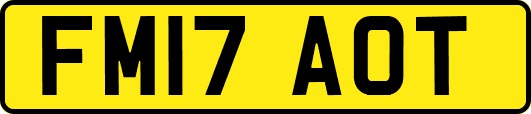 FM17AOT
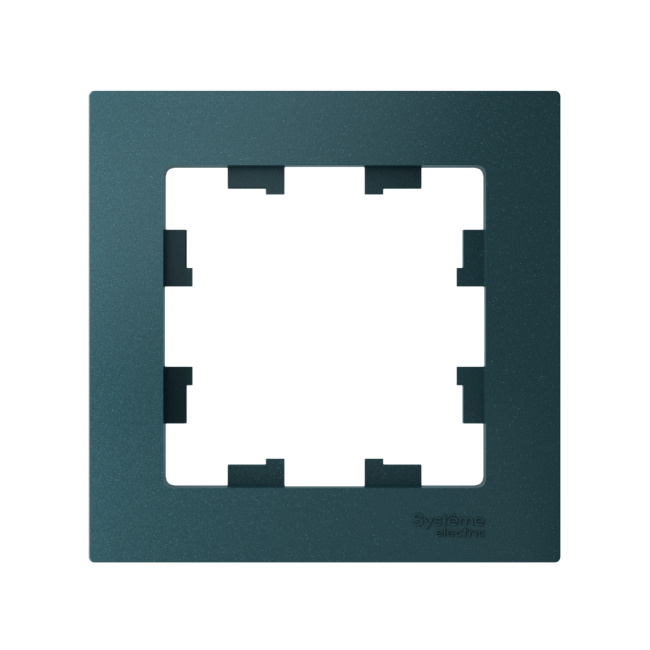 ATN000801 - AtlasDesign на 1 пост РАМКА, ИЗУМРУД ATN000801 - AtlasDesign на 1 пост РАМКА, ИЗУМРУД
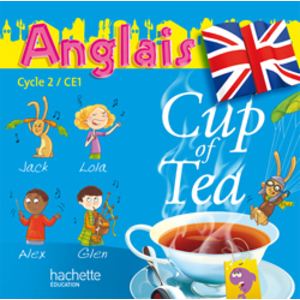 CUP OF TEA CE1 CYCLE 2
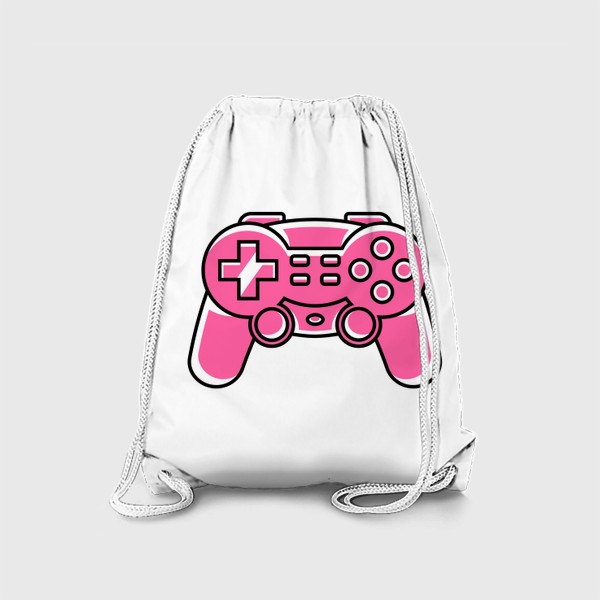 Рюкзак «розовый джостик»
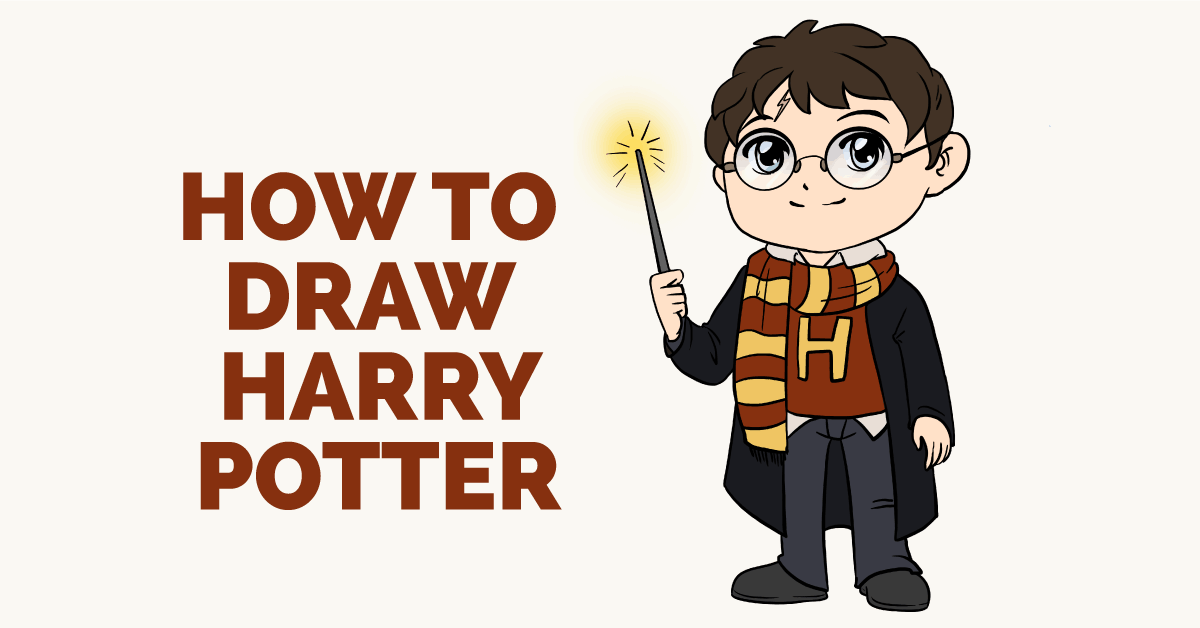 Harry Potter Character Sketch Fabric | The Quilt Shop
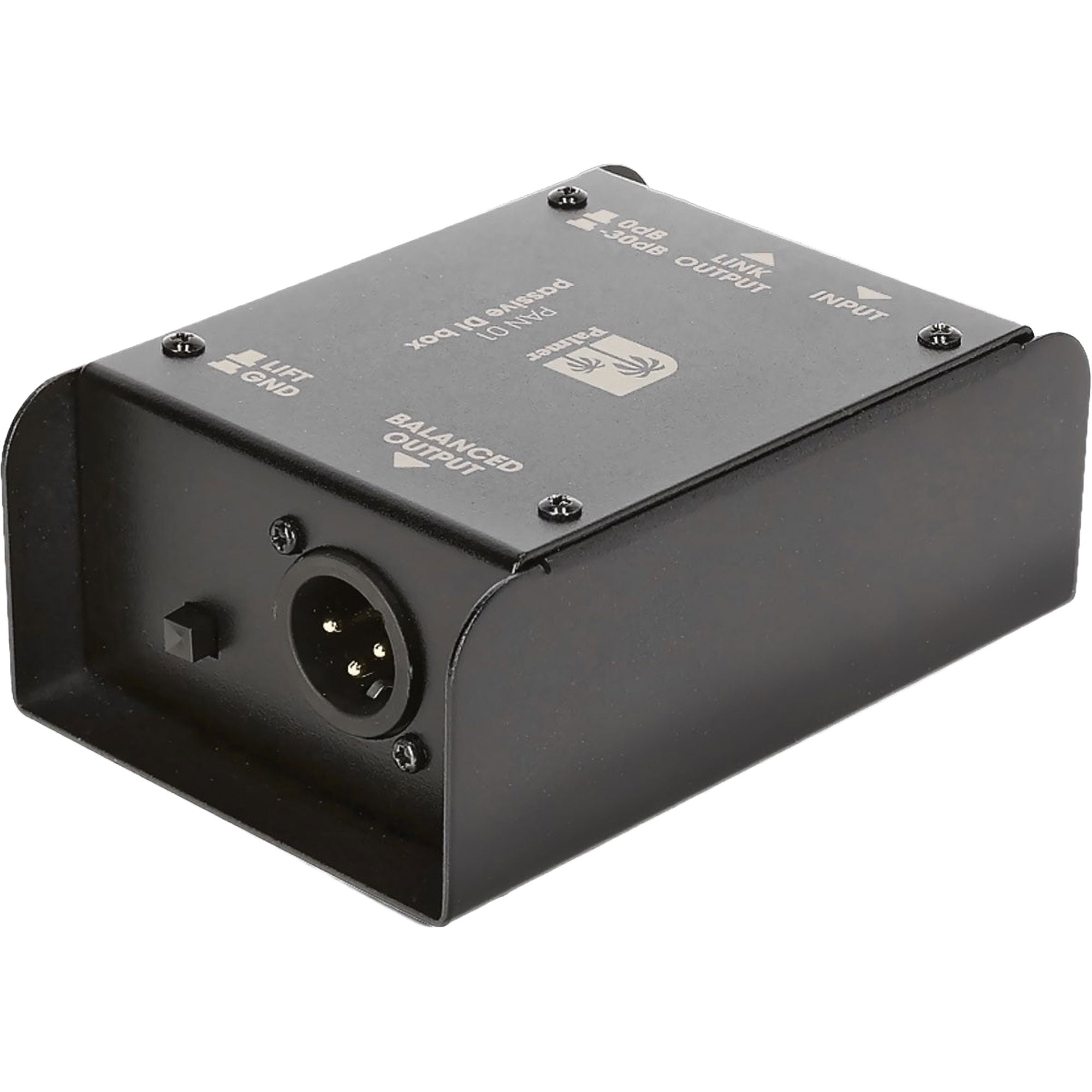 Palmer PAN 01 Passive DI Direct Box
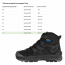 Ботинки (Emersongear) Blue Label Hiker Tactical Shoes (Black) размер 47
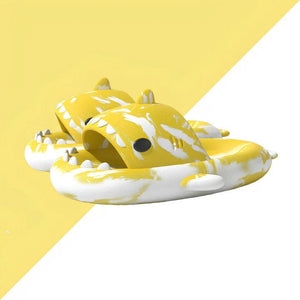 Dalgalı Shark Terlik - Sky Podium Türkiye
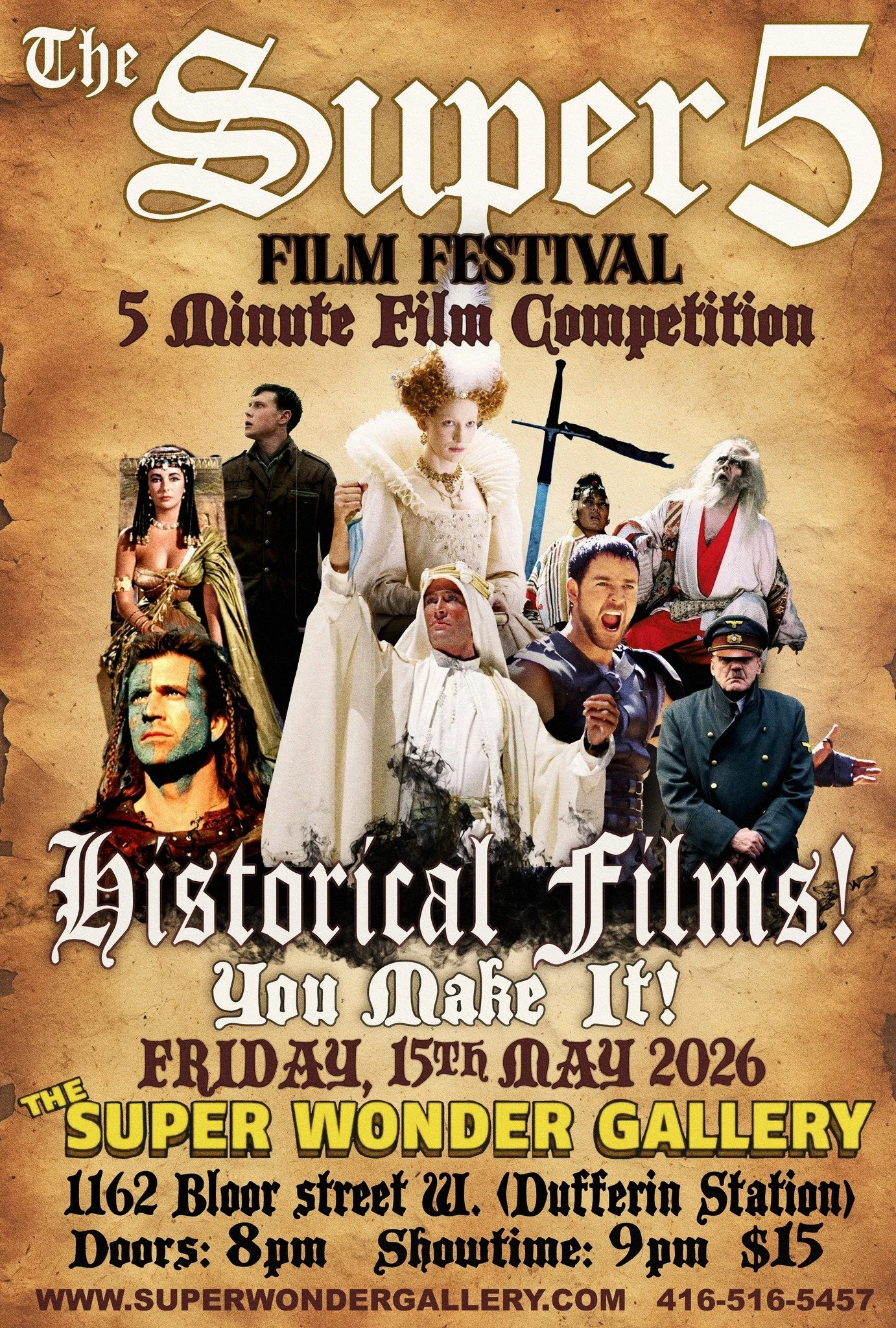 Super Five Film Fest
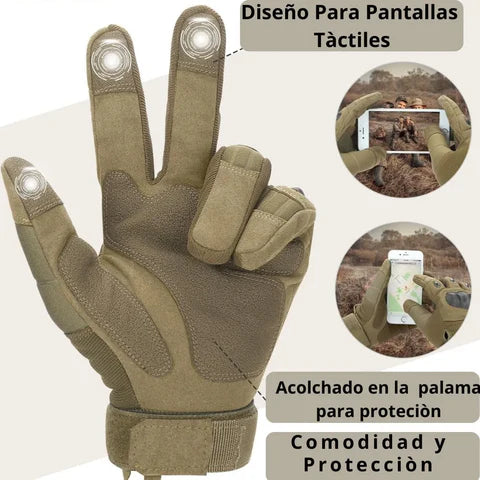 Guantes Indestructibles Para Trabajos Rudos y Motos 🔥último día de oferta🔥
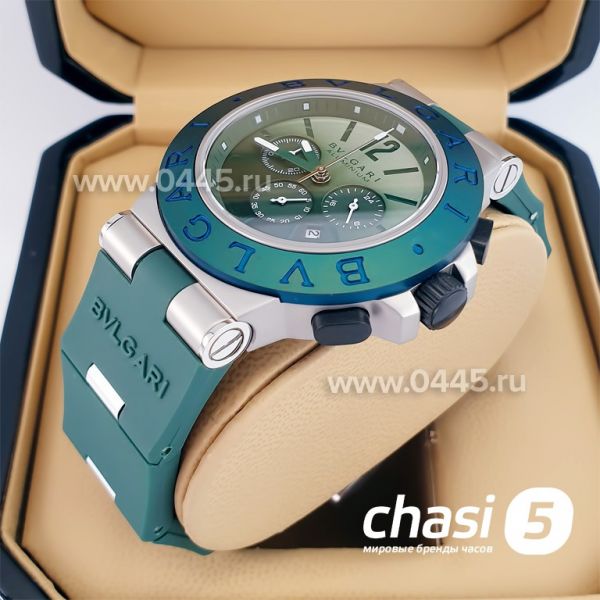 Часы Bvlgari Aluminium Amerigo Vespucci (23557) Часы Bvlgari Aluminium Amerigo Vespucci (23557)
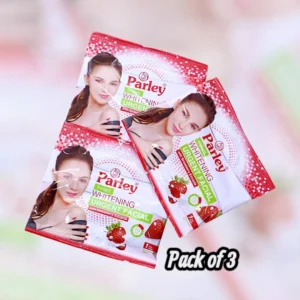 Pack Of 3 Parley Whitening Urgent Facial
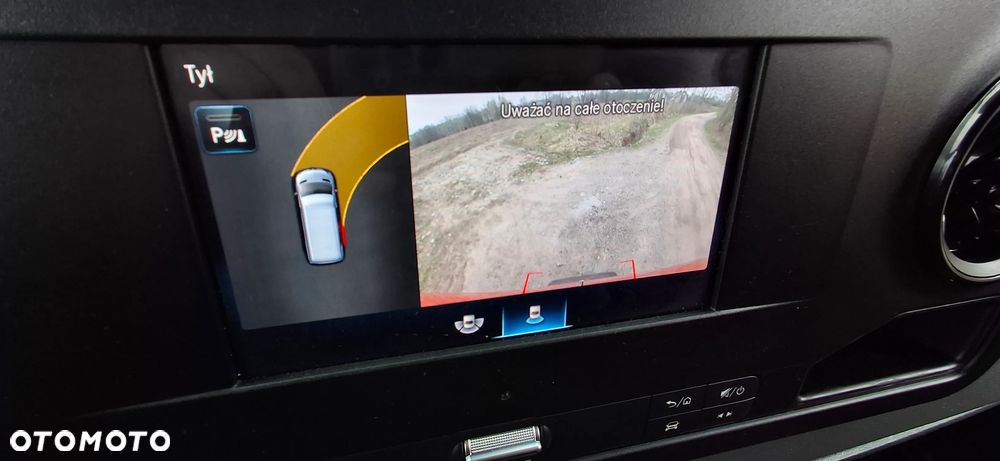 Mercedes-Benz SPRINTER IVECO CRAFTER MAN TRANSIT - 16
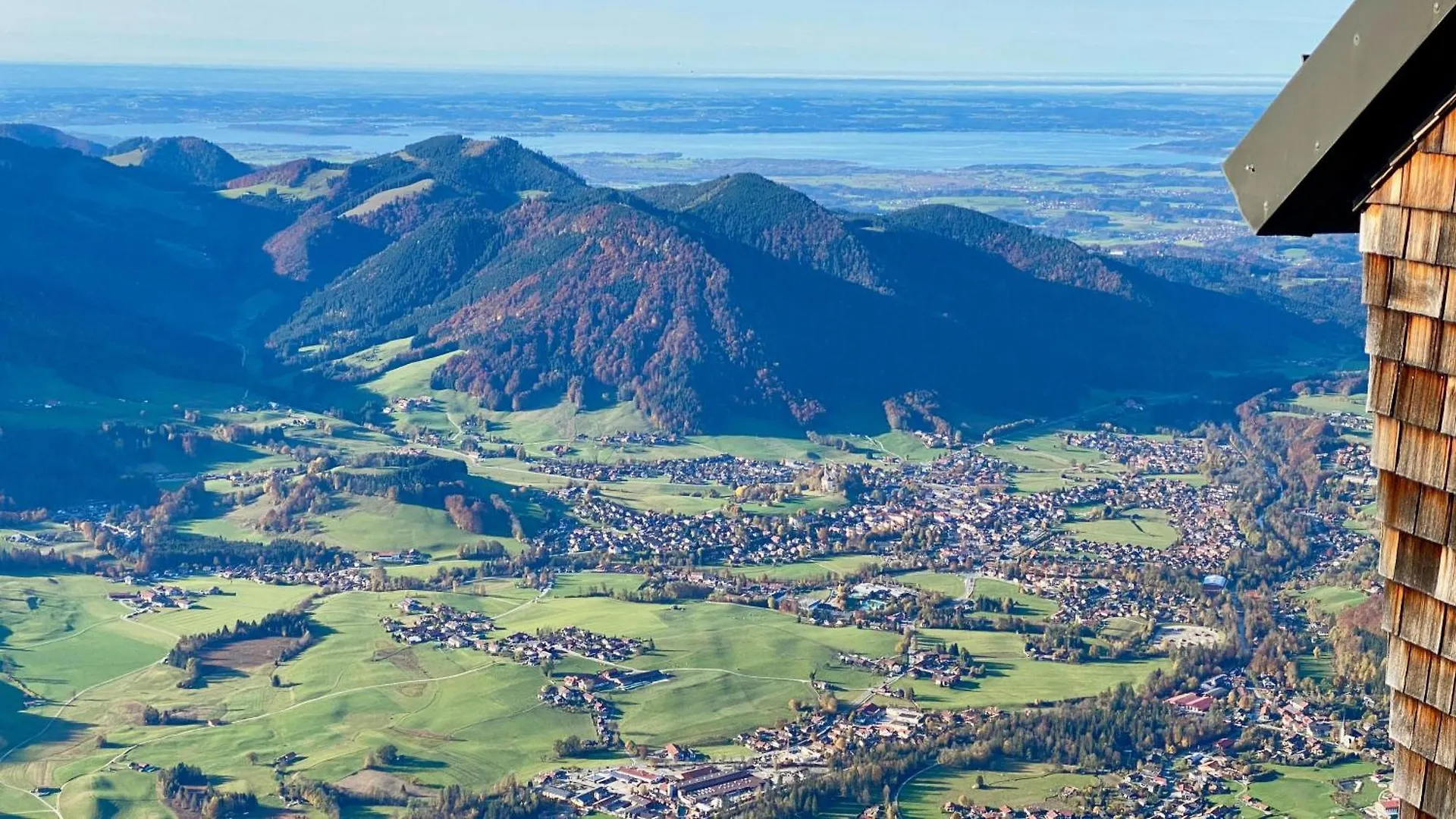 Ferienwohnung Adlerhorst Ruhpolding 0*,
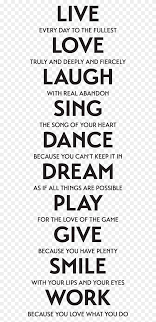 She just started to learn the alphabets. Live Love Laugh Quote Life Love Laugh Quotes Text Alphabet Face Hd Png Download Stunning Free Transparent Png Clipart Images Free Download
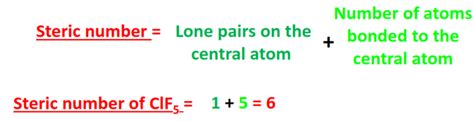 ClF5 Lewis structure, molecular geometry, bond angle, hybridization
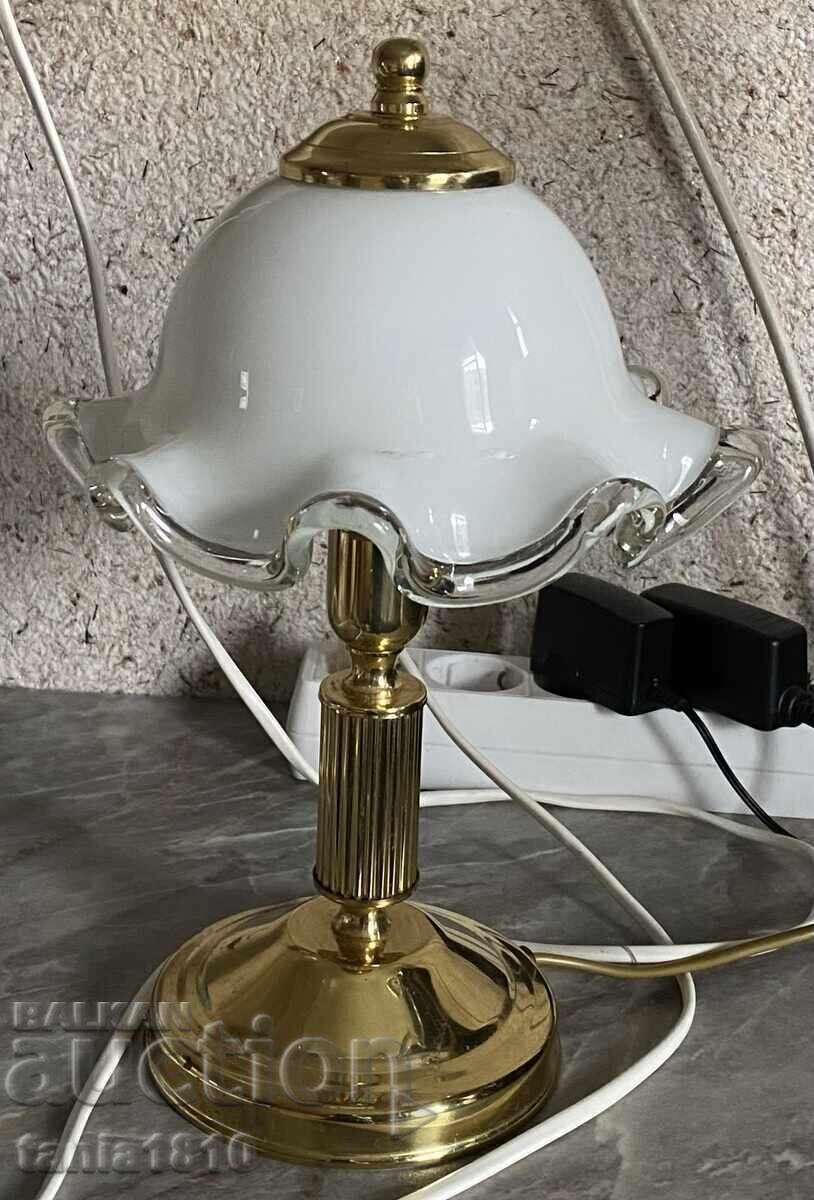 Γερμανικό ρετρό φωτιστικό από Sölken Leuchten με τιμή € 10.00 | 19.56 BGN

━━━━━━━━━━

== What is expected ==
The output should hold only the lines from the one containing "Mercedes-Benz SPRINTER IVECO" through the last line of the listing, reproduced exactly, pictures omitted.

== Solution for this task ==
 Mercedes-Benz SPRINTER IVECO CRAFTER MAN TRANSIT - 16
 Ferienwohnung Adlerhorst Ruhpolding 0*,
 She just started to learn the alphabets. Live Love Laugh Quote Life Love Laugh Quotes Text Alphabet Face Hd Png Download Stunning Free Transparent Png Clipart Images Free Download
 ClF5 Lewis structure, molecular geometry, bond angle, hybridization
 Γερμανικό ρετρό φωτιστικό από Sölken Leuchten με τιμή € 10.00 | 19.56 BGN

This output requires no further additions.